Quickstart Guide

Datasets on demand for you or your AI tool in three easy steps.

  1. Installation

  2. Getting an API Key

  3. Create Your First Dataset

Our documentation will guide you through the process of using the Structify API to access, create, and manipulate your data. When you create a dataset, Structify spins up AI agents to populate your custom schema by indexing information from the sources you specify. Soon, you will see how much fun it is to “structify” your data. We have a python client library, and we are working on releasing a Rest API.

Installation

Let’s get started!

First, install the python client library using pip:

pip install structifyai

Running pip list after it completes will show you the Python libraries you’ve got, which will let you know if the Structify Python library was successfully installed.

Note

We constantly push new updates so make sure to check for the latest version of the Structify Python library by running pip install structifyai --upgrade.

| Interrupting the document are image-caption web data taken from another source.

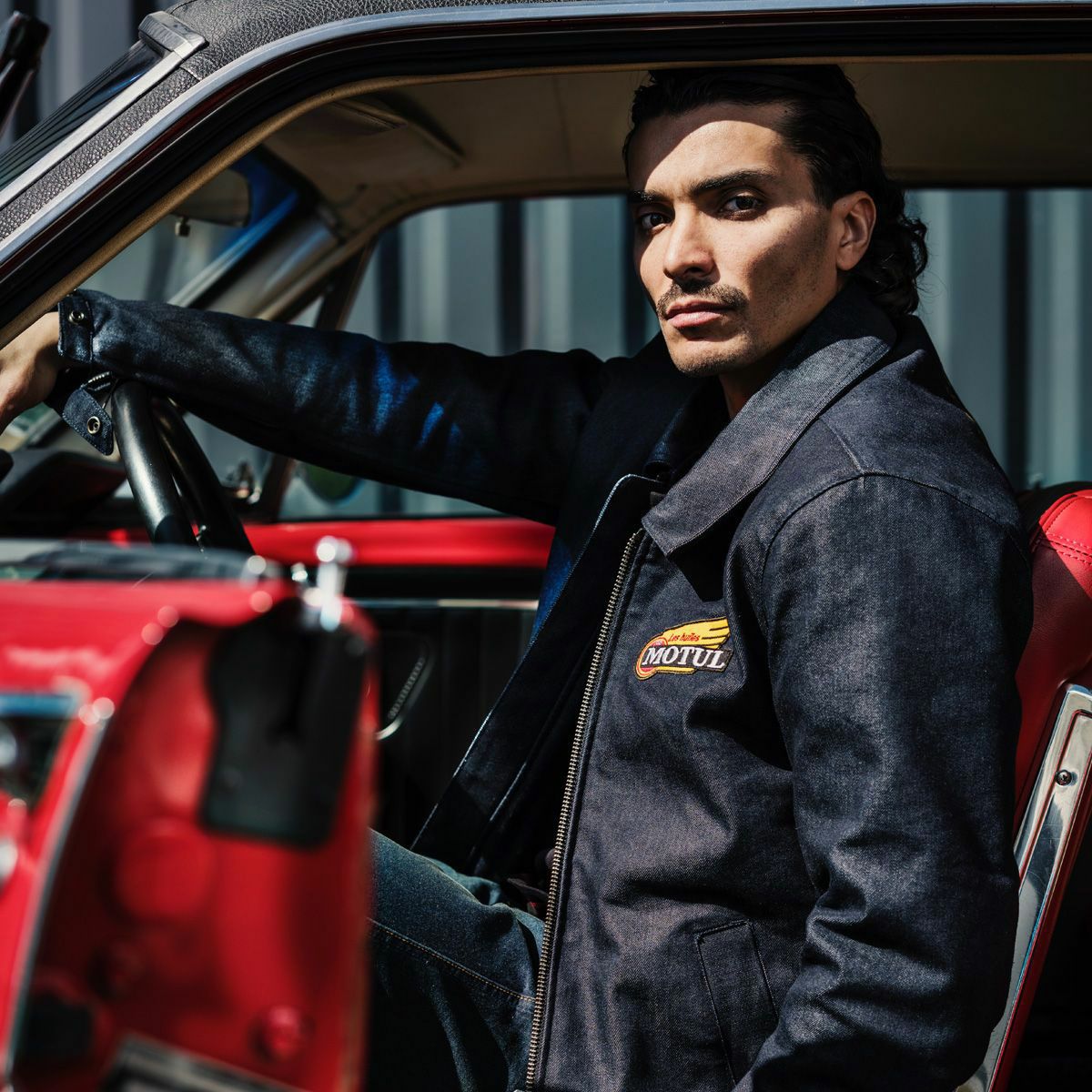 helstons｜メカニック デニム ジャケット｜ファブリック｜ブルー｜モデル着用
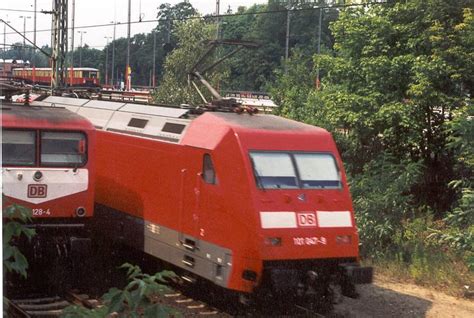 Loks Der Br 101 Und Br 112 Treffen Sich Bei Berlin Wannsee Im Jahre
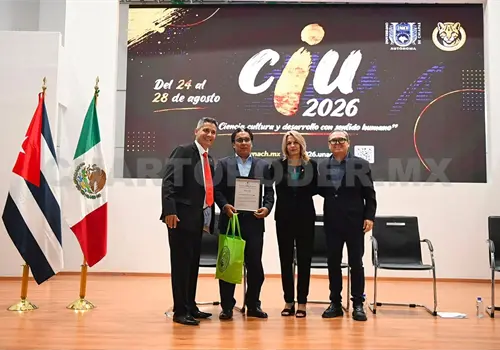 Reconocen al acad&eacute;mico Francisco Guevara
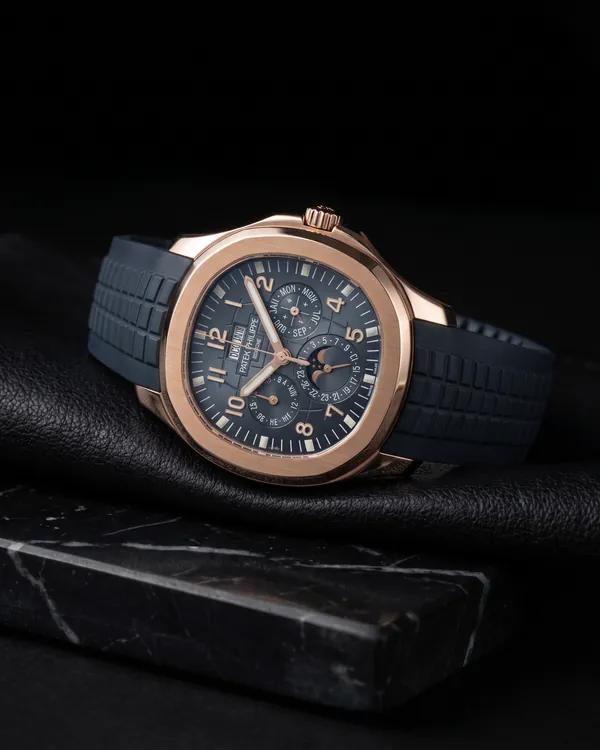 Patek Philippe Aquanaut 5261R-001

Anytime you want to use the Structify Python library, you’ll need to import it:

from structify import Structify

Getting an API Key

We are early, so it is important to us to develop a relationship with all our users. That said, the quickest way to secure an API key is to email us with your name, email, and a brief description of your use case. We will send you back an API key and your account details.

Alternatively, you can book a time for a detailed guided tour of our API and get an API key at the end of the session. Please find a time to meet via our Calendly.

Once you have your API key, you can use it to authenticate your requests to the Structify API. You can do this by setting the api_key attribute of the client object:

structify = Structify(api_key="your_api_key")"

Our API recognizes two types of users: business and personal. Both have organizations and users underneath, for the case that you are letting users of your program make API calls through us. Every one of the endpoints is done through an authenticated personel.

Create Your First Dataset

You can create and fill a dataset with two quick successive API calls:

  1. Define a schema using structify.datasets.create.

  2. Specify the source to populate the dataset from with structify.structure.run (or structify.structure.run_async).

Here’s an example of how you would make an API call to create a dataset:

from structify import Structify
from structify.types import Table, Property, Relationship
from structify.sources import Web

structify = Structify(api_key=os.environ["STRUCTIFY_API_TOKEN"])

# Define a schema using our Python Objects, make sure to include descriptions for each of your tables, properties, and relationships

tables = [
   Table(
      name="author",
      description="an individual who wrote a book",
      properties=[
         Property(name="name", description="The name of the author"),
         Property(name="genre", description="The genre that the author typically writes in")
      ]
   ),
   Table(
      name="book",
      description="a book that has been written",
      properties=[
         Property(name="title", description="The title of the book"),
         Property(name="copies_sold", description="The number of copies sold of the book")
      ],
   )
]

relationships = [
   Relationship(
      name= "authored_by",
      description="Connects the book to the list of authors who wrote it",
      source_table="book",
      target_table="author"
      )
]

# Use the schema to create the dataset
structify.datasets.create(
   name="books",
   description="Create a dataset named 'books' that tells me about the authors and publishers of books.",
   tables=tables,
   relationships=relationships
)

# Specify the source to populate the dataset from the Source object and then populate the dataset with structify.structure.run_async
books_dataset = structify.structure.run_async(
   dataset="books",
   source=Web(starting_website="https://www.goodreads.com/")
)

With that, you are on your way to structifying your data.

Note

We recommend users to asynchronously run agents to populate datasets. This is especially useful for large datasets that may take a long time to populate. You can use the structify.structure.run_async method to run an agent asynchronously.